Work instructions: The task here is to set down every line of the listing exactly.

^^^^

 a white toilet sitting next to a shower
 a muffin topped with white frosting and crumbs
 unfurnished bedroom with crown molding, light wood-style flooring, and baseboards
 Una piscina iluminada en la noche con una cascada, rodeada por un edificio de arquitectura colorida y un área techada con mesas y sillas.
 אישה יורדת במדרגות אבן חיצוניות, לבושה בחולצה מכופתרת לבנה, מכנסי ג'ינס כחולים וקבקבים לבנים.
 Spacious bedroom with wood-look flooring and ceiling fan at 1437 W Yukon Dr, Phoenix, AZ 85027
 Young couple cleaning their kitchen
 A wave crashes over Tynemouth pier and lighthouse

^^^^

Task output:
 a white toilet sitting next to a shower
 a muffin topped with white frosting and crumbs
 unfurnished bedroom with crown molding, light wood-style flooring, and baseboards
 Una piscina iluminada en la noche con una cascada, rodeada por un edificio de arquitectura colorida y un área techada con mesas y sillas.
 אישה יורדת במדרגות אבן חיצוניות, לבושה בחולצה מכופתרת לבנה, מכנסי ג'ינס כחולים וקבקבים לבנים.
 Spacious bedroom with wood-look flooring and ceiling fan at 1437 W Yukon Dr, Phoenix, AZ 85027
 Young couple cleaning their kitchen
 A wave crashes over Tynemouth pier and lighthouse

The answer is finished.